4. Hence the initial assumption that the claim was false must itself be false – so the claim must be true (as required).

Proof by “infinite descent” is an invaluable tool. But it is important to realise that the method is essentially a variation on proof by mathematical induction. As a first step in this direction it is worth reinterpreting Problem 267. as an induction proof.

Problem 268 Let $P(n)$ be the statement:

“$\sqrt{2}$ cannot be written as a fraction with positive denominator $\le n$”.

(i) Explain why $P(1)$ is true.

(ii) Suppose that $P(k)$ is true for some $k\ge 1$. Use the proof in Problem 267. to show that $P(k+1)$ must then be true as well.

(iii) Conclude that $P(n)$ is true for all $n\ge 1$, whence $\sqrt{2}$ must be irrational.

Problem 268. shows that, in the particular case of Problem 267. one can translate the standard proof that “$\sqrt{2}$ is irrational” into a proof by induction. But much more is true. The contradiction arising in step 3. above is an application of an important principle, namely

The Least Element Principle: Every non-empty set S of positive integers has a smallest element.

The Least Element Principle is equivalent to The Principle of Mathematical Induction which we stated at the beginning of the chapter:

The Principle of Mathematical Induction: If a subset S of the positive integers

• contains the integer “1”, and has the property that
• whenever an integer k is in the set S, then the next integer $k+1$ is always in S too,

then S contains all positive integers.

Problem 269

(a) Assume the Least Element Principle. Suppose a subset T of the positive integers contains the integer “1”, and that whenever k is in the set T, then $k+1$ is also in the set T. Let S be the set of all positive integers which are not in the set T. Conclude that S must be empty, and hence that T contains all positive integers.

(b) Assume the Principle of Mathematical Induction. Let T be a non-empty set of positive integers, and suppose that T does not have a smallest element. Let S be the set of all positive integers which do not belong to the set T. Prove that “1” must belong to S, and that whenever the positive integer k belongs to S, then so does $k+1$. Derive the contradiction that T must be empty, contrary to assumption. Conclude that T must in fact have a smallest element.

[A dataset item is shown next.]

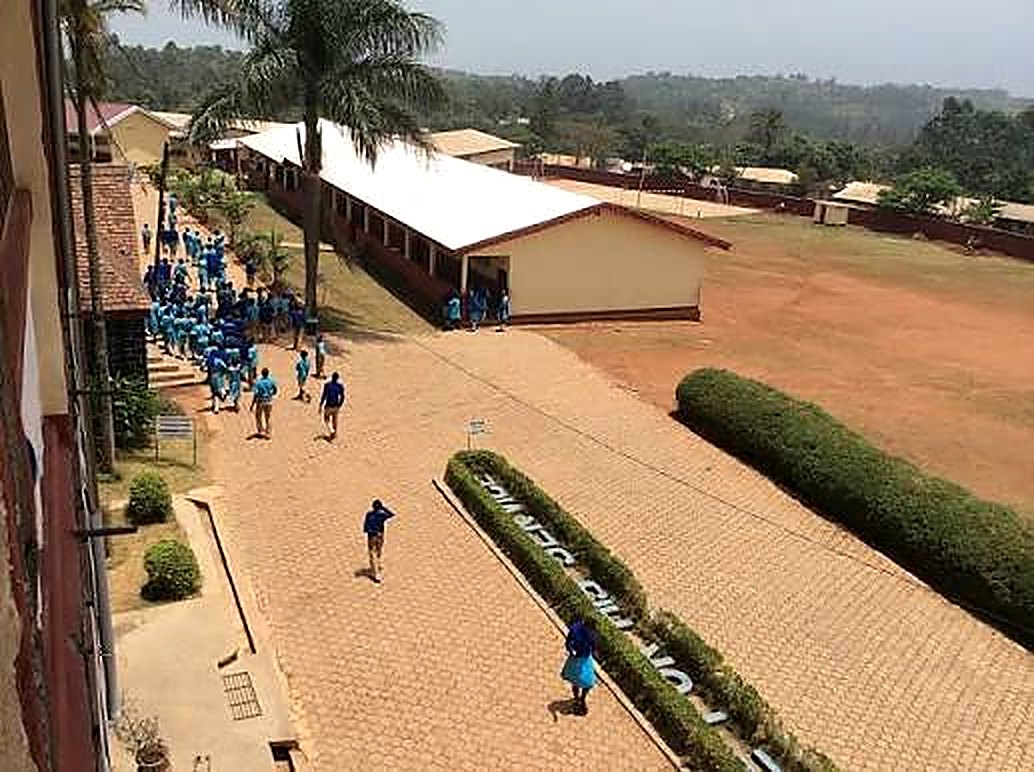 Aerial view of the PSS Bafut campus with students in sky-blue uniforms walking between the classroom blocks and the sports field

To round off this final chapter you are invited to devise a rather different proof of the irrationality of $\sqrt{2}$.

Problem 270 This sequence of constructions presumes that we know – for example, by Pythagoras' Theorem – that, in any square $$OPQR, the ratio

“diagonal: side” $=OQ:OP=\sqrt{2}:1$.

Let $$OPQR be a square. Let the circle with centre Q and passing through P meet $\underset{¯}{OQ}$ at $P^{\prime }$. Construct the perpendicular to $\underset{¯}{OQ}$ at $P^{\prime }$, and let this meet $\underset{¯}{OR}$ at $Q^{\prime }$.

(i) Explain why $\underset{¯}{O{P}^{\prime }}=\underset{¯}{P^{\prime }{Q}^{\prime }}$. Construct the point $R^{\prime }$ to complete the square $O{P}^{\prime }{Q}^{\prime }{R}^{\prime }$.

(ii) Join $\underset{¯}{Q{Q}^{\prime }}$. Explain why $\underset{¯}{P^{\prime }{Q}^{\prime }}=\underset{¯}{R{Q}^{\prime }}$.

(iii) Suppose $\underset{¯}{OQ}:\underset{¯}{OP}=m:n$. Conclude that $\underset{¯}{O{Q}^{\prime }}:\underset{¯}{O{P}^{\prime }}=2n-m:m-n$.

(iv) Prove that $n<m<2n$, and hence that $0<m-n<n$, $0<2n-m$.

(v) Explain how, if m, n can be chosen to be positive integers, the above sequence of steps sets up an “infinite descent” – which is impossible.